9 de fevereiro de 2011

Noure Cruz comenta:

Revisitando alguns arquivos agora a tarde, quatro bons amigos vieram pelas imagens, nas boas lembranças do Assentamento rural do Pioneiro.


IRMÃ CONSOLATA: Todos os dias pela boca da noite, era comum o motorista do carro da paróquia buscar a linda freira que hoje está no ceu e depois nós íamos tirar xerox de textos e interagir com os bons alunos do Pioneiro, com idade entre 10 e 90 anos.

NUTO: Também descansando no ceu, que mesmo com mãos trêmulas, participava ativamente das aulas, assim como todos os presentes que brincavam até às 22 horas de aprendizagem e sendo bons atores de teatro, quando encenavam Morte e Vida Severina e iam para a Igreja ou nalgumas cidades, fazendo apresentações. Pobre de seu Zé Zaroio que falei assim na igreja: quando eu acenar com o braço, o senhor pode baixar as mãos. E não foi que esqueci e ao final da missa, lá estava seu Zé Zaroio olhando para mim com as mãos pra cima e pra baixo.

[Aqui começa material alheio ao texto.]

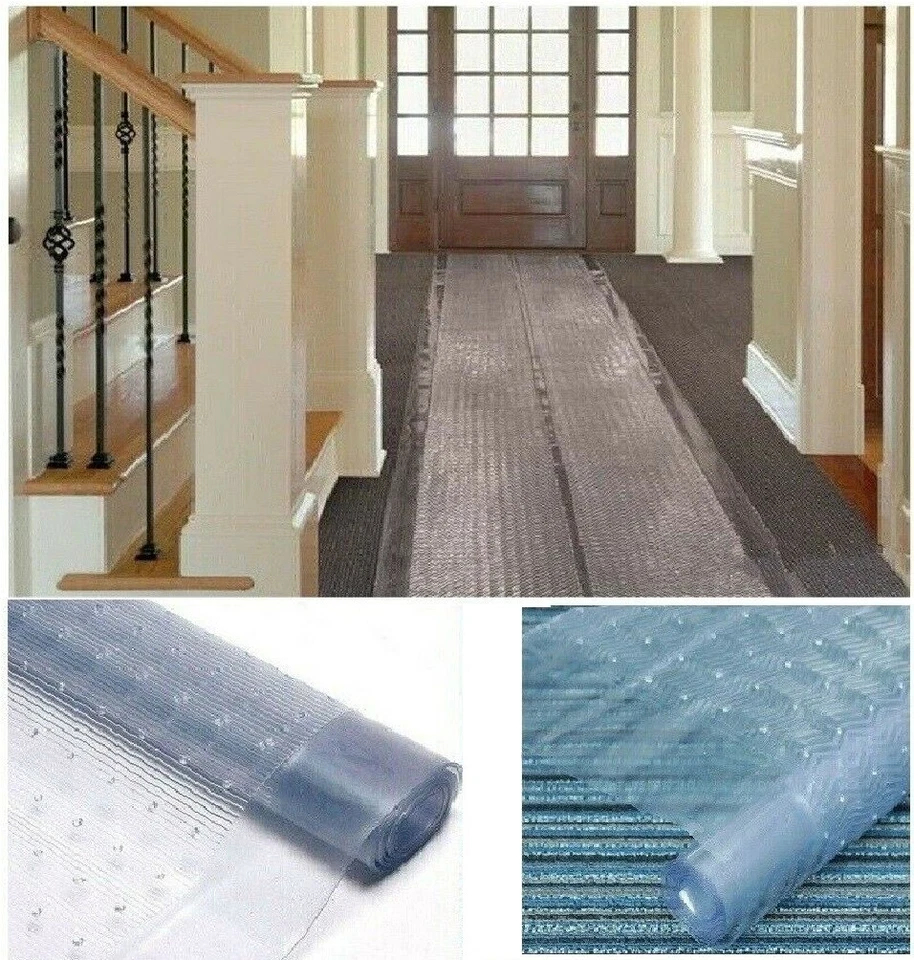 Vinyl Plastic Carpet Protector Clear Runner Mat Home Office Hallway Film Roll - Image 2 of 4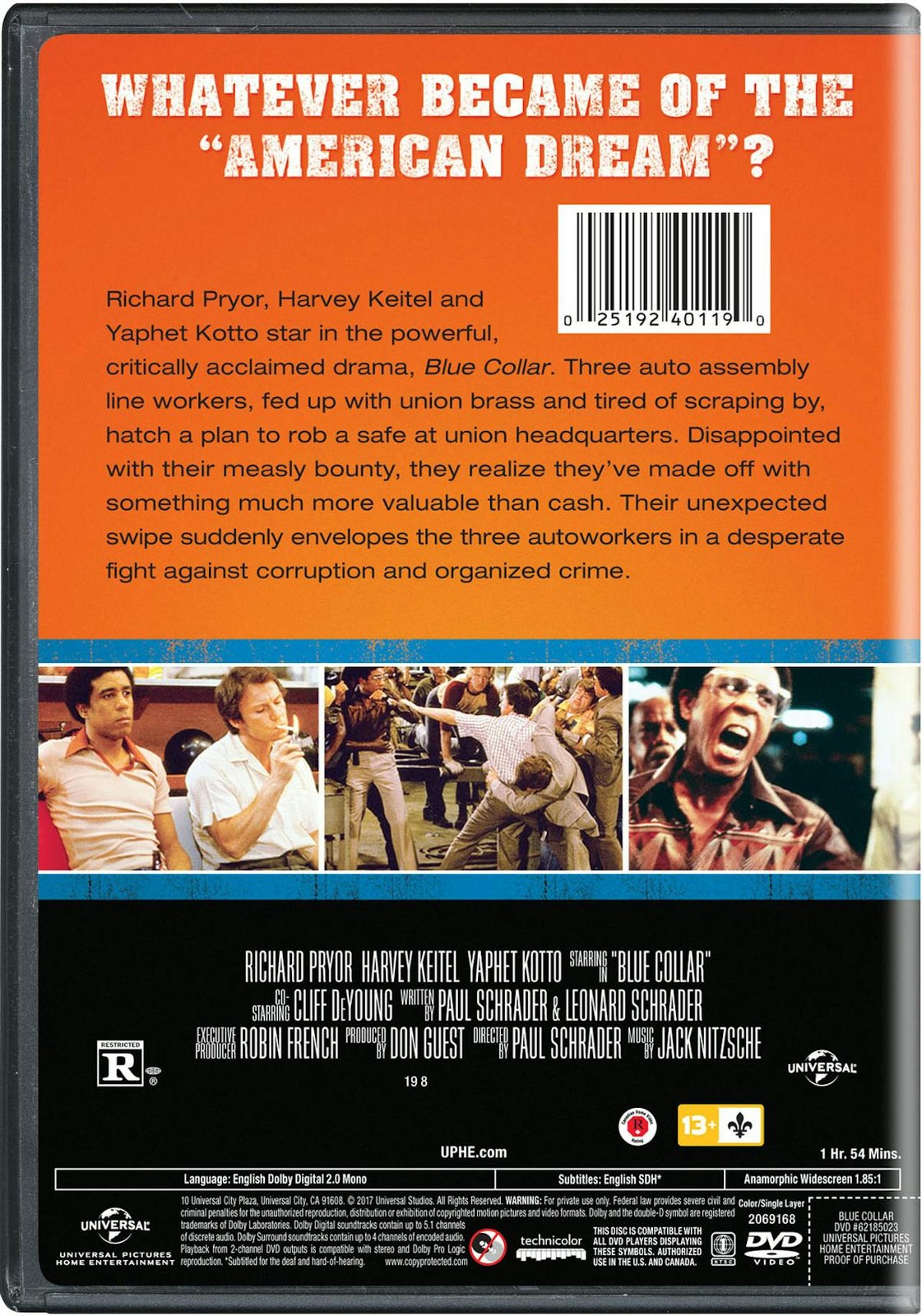 Blue Collar DVD Richard Pryor NEW
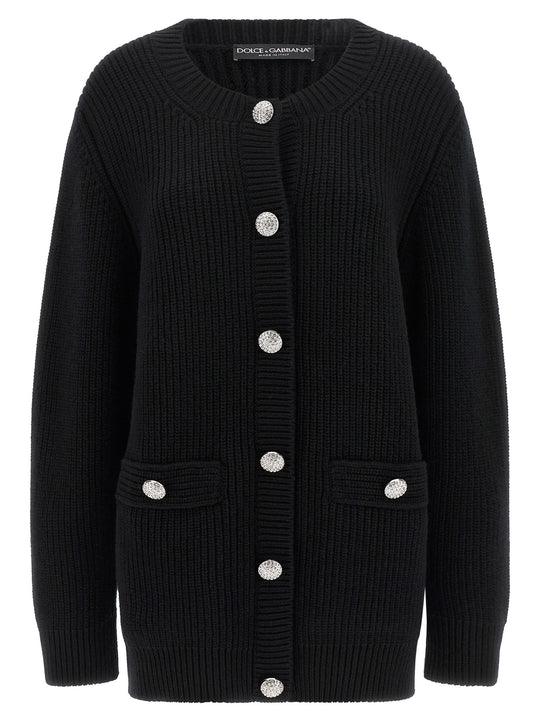 Jewel Buttons Cardigan Sweaters And Cardigans Black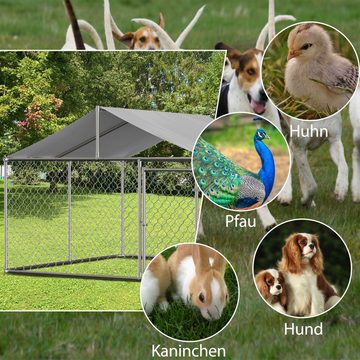 Thanaddo Hundezwinger Outdoor Hundezwinger mit Dach 230x230x165cm Hundehütte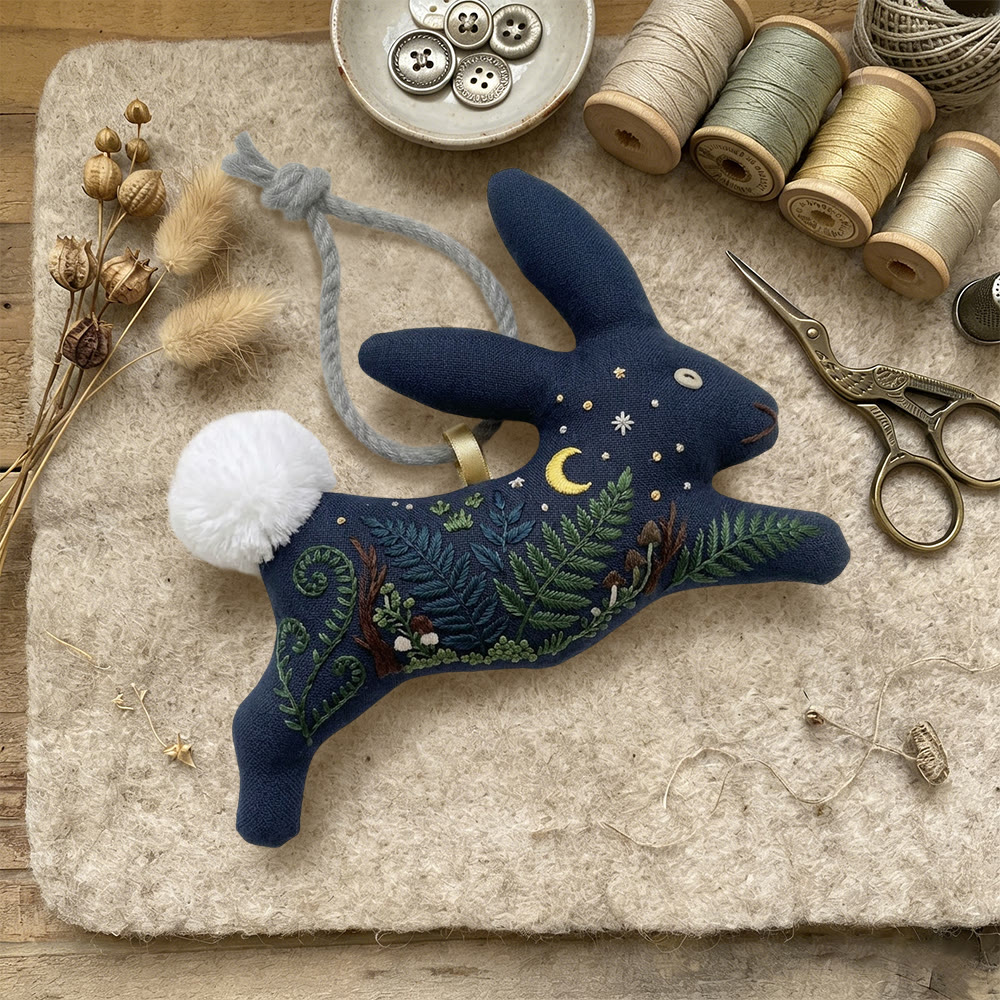 Rubbyoo Rabbit Embroidery Kit - Fern And Berry Bush | Serene Craft | Elegant Home Embellish - image 4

DONA BENIGNA: E que coisa linda de se brincar. Eu dizia: Diga Árvore. Ela respondia: avre. Não dona benigna: á.r.v.o.r.e. Ela: avre. E não tinha jeito mesmo e o errado estava no meu jeito, querendo malinar na linguística da mentalidade dos tempos. Mas, numa reportagem, a mesma falara que lá era tudo parecendo bicho mesmo sem alegria e, as aulas deram felicidades ao local. Lembrei de Fabiano de Vidas Secas: Fabiano! Você é um homem.

O PIONEIRO: Inicialmente eu e Irmã Consolata e depois, minhas irmãs, a esposa e cunhada que de igual maneira, pelo crescimento da turma, aliaram-se a esta empreitada e continuaram nesta linda jornada pedagógica. E deu certo. O gerente do banco satisfeito e todos alegres por não precisarem mais colocar o dedão no lugar da assinatura de documentos.

Sem falar de meus alunos que muitas vezes dormiram no assentamento, (inicialmente precisando de notas, é claro, rs), fazendo coisas fora do normal deles, como, arrancar aipim pelas quatro da manhã, tomar café de pilão e passar milho no moinho. Alguns levavam às escondidas, biscoitos achocolatados, mas, descobertos, os biscoitos tinham destino certo: alimento para as galinhas e outras aves. Muitas eu soube pelos amigos do assentamento, que morreram de diabetes, dado o alto teor de açúcar, mas, aí, é uma outra história.